*DATA*:
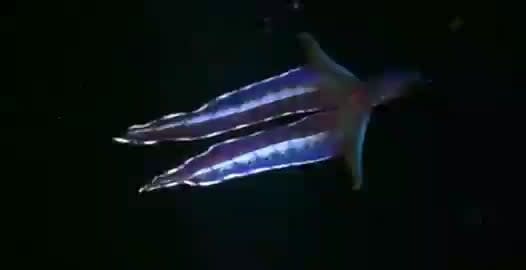 blanket octopus - One of the strangest creatures in the sea world😯❤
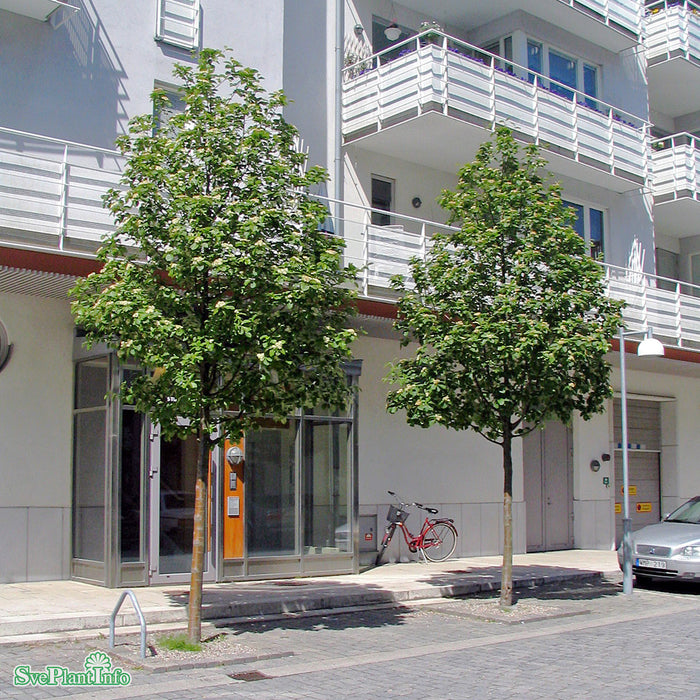 Sorbus incana E Ungträd 150-200cm Co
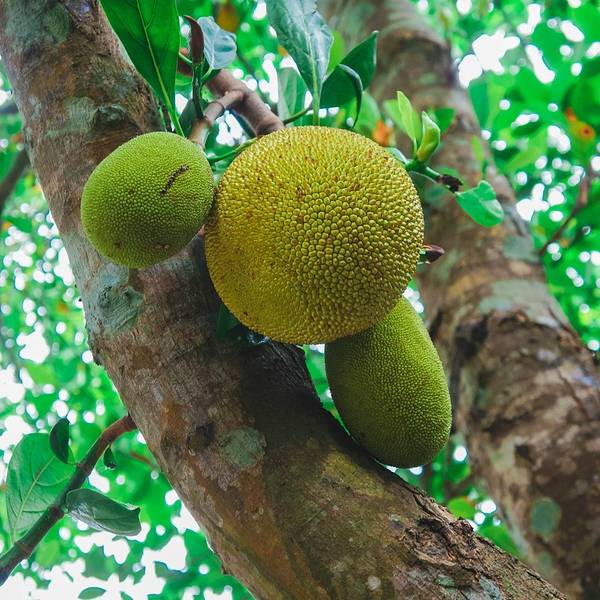 2019槟榔谷门票,三亚槟榔谷游玩攻略,槟榔谷游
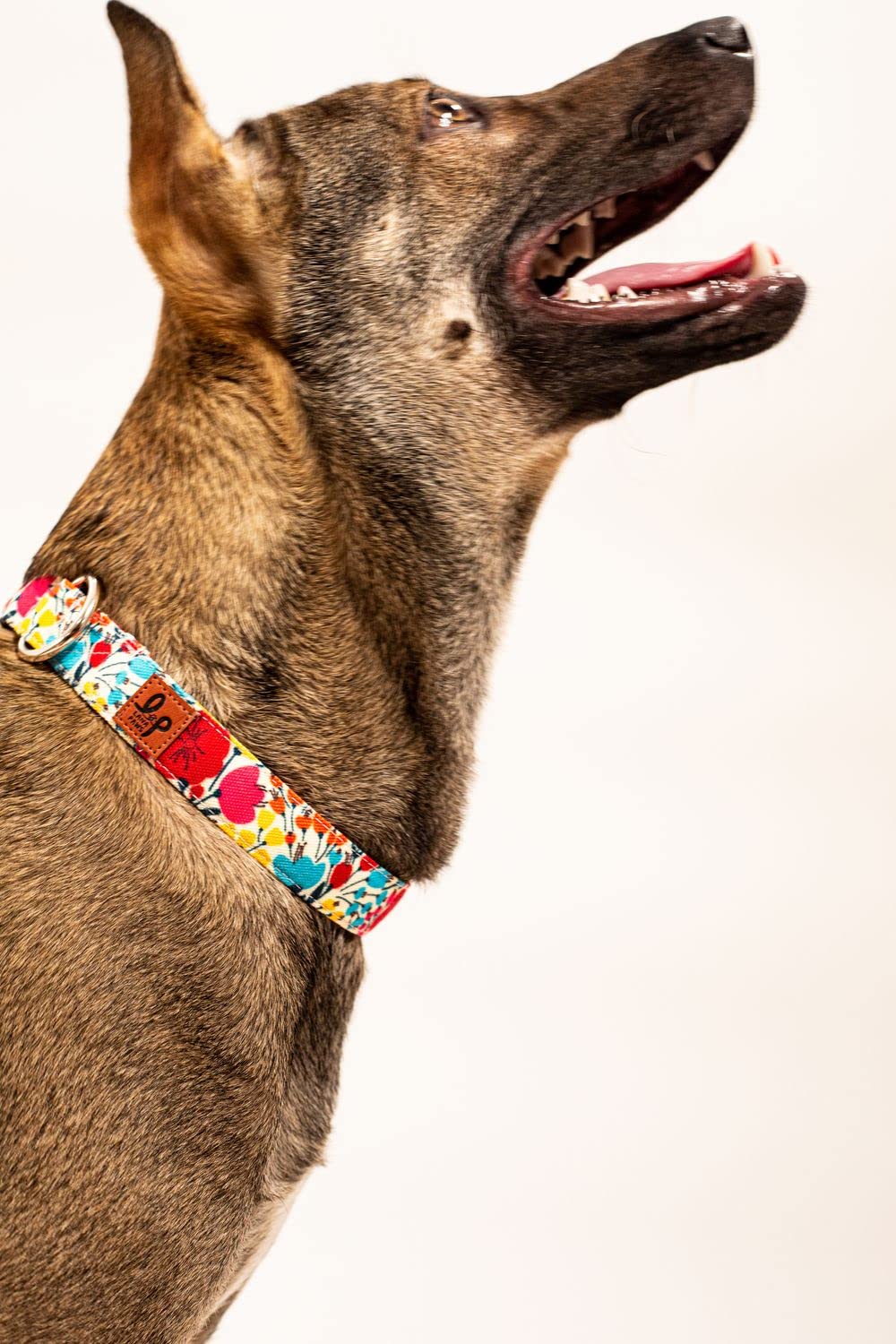Lana Paws Summery Skin-Friendly, Lightweight & Durable Fabric Dog Collar, Medium (B09X9QW3DN) Amazon Price History, Amazon Price Tracker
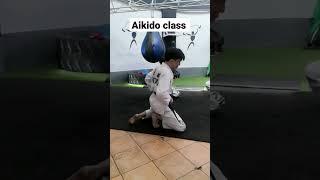 Jaja Aikido class session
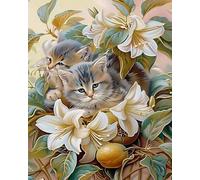 Weiniuniu Canevas Point de Croix Kit Complet Chaton fleur 11CT Adulte point de croix kit DIY debutant broderie point de croix imprimé 50x70 cm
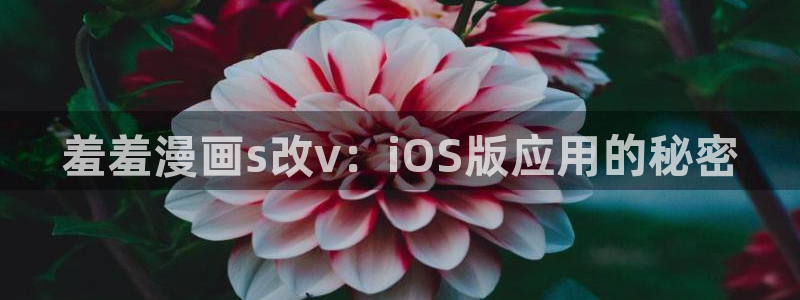 omofun网站入口：羞羞漫画s改v：iOS版应用的秘密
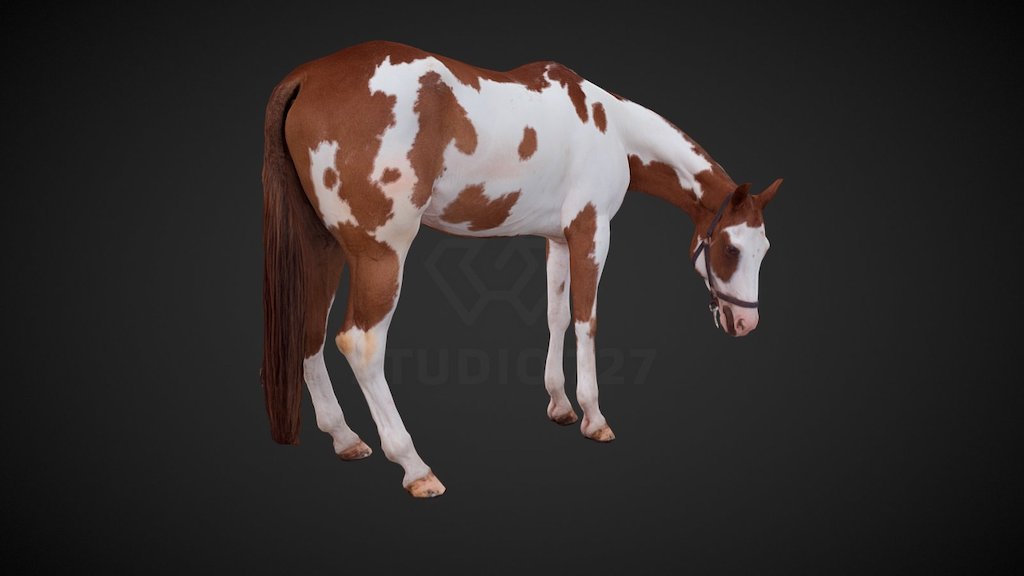 Horse 3d model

*WHAT YOU ARE ASKED TO DO*: Transcribe exactly the lines from the one with "Jaja Aikido class session" to the last line of the records, both included, so that no picture appears in the copy.

*RESULT BELOW*:
 Jaja Aikido class session
 Weiniuniu Canevas Point de Croix Kit Complet Chaton fleur 11CT Adulte point de croix kit DIY debutant broderie point de croix imprimé 50x70 cm
 omofun网站入口：羞羞漫画s改v：iOS版应用的秘密
 Horse 3d model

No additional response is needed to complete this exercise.